◆ **WORK TO COMPLETE**: Transcribe exactly, and without pictures, only the lines from the one bearing "Motion-sensing flashing garage" through the final line of the data below.

-------- DATA SHOWN

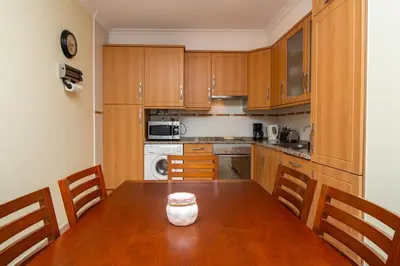 a kitchen with wooden cabinets and a wooden table with chairs at Central 2 Beedroms Old Tow Apartment in Albufeira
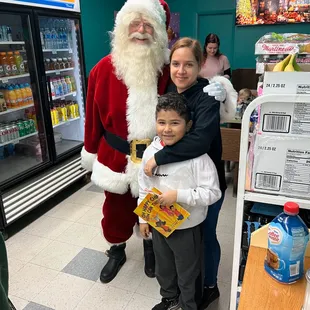 a man dressed as santa claus with a child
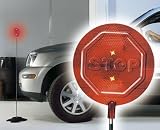 Motion-sensing flashing garage parking signal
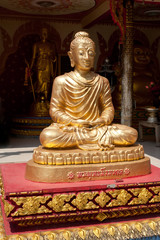 Golden statue of Buddha in meditation. Thailand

----------------

◆ **EXERCISE OUTPUT**:
 Motion-sensing flashing garage parking signal
 Golden statue of Buddha in meditation. Thailand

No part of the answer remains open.